Correction for moving holidays
Not relevant for the CPI series.
National and EU/euro area calendars
Not relevant for the CPI series.
Treatment of outliers
Outliers, or extreme values, are abnormal values of the series .
Outliers are detected automatically by the seasonal adjustment tool. The outliers are removed before seasonal adjustment is carried out, and then reintroduced into the seasonally adjusted data.
Pre-treatment requires choosing an ARIMA model, as well as deciding whether the data should be log-transformed or not.
Model selection is automatic using established procedures in the seasonal adjustment tool.
The decomposition scheme specifies how the various components – basically trend-cycle, seasonal and irregular – combine to form the original series. The most frequently used decomposition schemes are the multiplicative, additive or log additive.
Multiplicative method is in use.
Choice of seasonal adjustment approach
Consistency between raw and seasonally adjusted data
In some series, consistency between raw and seasonally adjusted series is imposed.
Do not apply any constraint.
Consistency between aggregate/definition of seasonally adjusted data
In some series, consistency between seasonally adjusted totals and the aggregate is imposed. For some series there is also a special relationship between the different series, e.g. GDP which equals production minus intermediate consumption.
Not relevant for the CPI series, no adjustment of the aggregates.
Direct versus indirect approach
Direct seasonal adjustment is performed if all time series, including aggregates, are seasonally adjusted on an individual basis. Indirect seasonal adjustment is performed if the seasonally adjusted estimate for a time series is derived by combining the estimates for two or more directly adjusted series.
Direct approach is used.
Horizon for estimating the model and the correction factors
When performing seasonal adjustment of a time series, it is possible to choose the period to be used in estimating the model and the correction factors. Correction factors are the factors used in the pre-treatment and seasonal adjustment of the series.

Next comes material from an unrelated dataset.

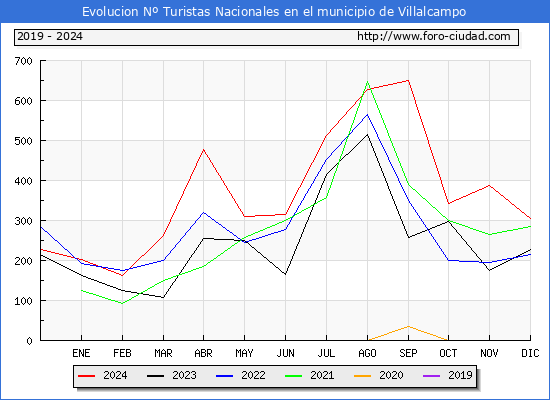 Evolucin Numero de turistas de origen Espaol en el Municipio de Villalcampo hasta Diciembre del 2024.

For the CPI and the CPI-ATE the time series from 1985 and 1995 respectively, are used.
General revision policy
Seasonally adjusted data may change due to a revision of the unadjusted (raw) data or the addition of new data. Such changes are called revisions, and there are several ways to deal with the problem of revisions when publishing the seasonally adjusted statistics.
Seasonally adjusted data are revised each time it is published.
Comments : There is no revision in original series. For the seasonally adjusted series, new data can lead to revision in the seasonally adjusted series.
Concurrent versus current adjustment
The model, filters, outliers and regression parameters are re-identified and re-estimated continuously as new or revised data become available.
Horizon for published revisions
Both the CPI and the CPI-ATE are revised back 4 years; before that the seasonal adjusted figures are final.
Evaluation of seasonally adjustment data
Periodical evaluation using standard measures proposed by different seasonal adjustment tools.
Quality measures for seasonal adjustment
Additional specific tests are computed to complement the set of available diagnostics within the seasonal adjustment tool.
Seasonal adjustment of short time series
Both series are sufficiently long to perform an optimal seasonal adjustment.
Treatment of problematic series
None of the series are considered problematic.
Unadjusted data and seasonally adjusted data are available.
Index series are published in the StatBank.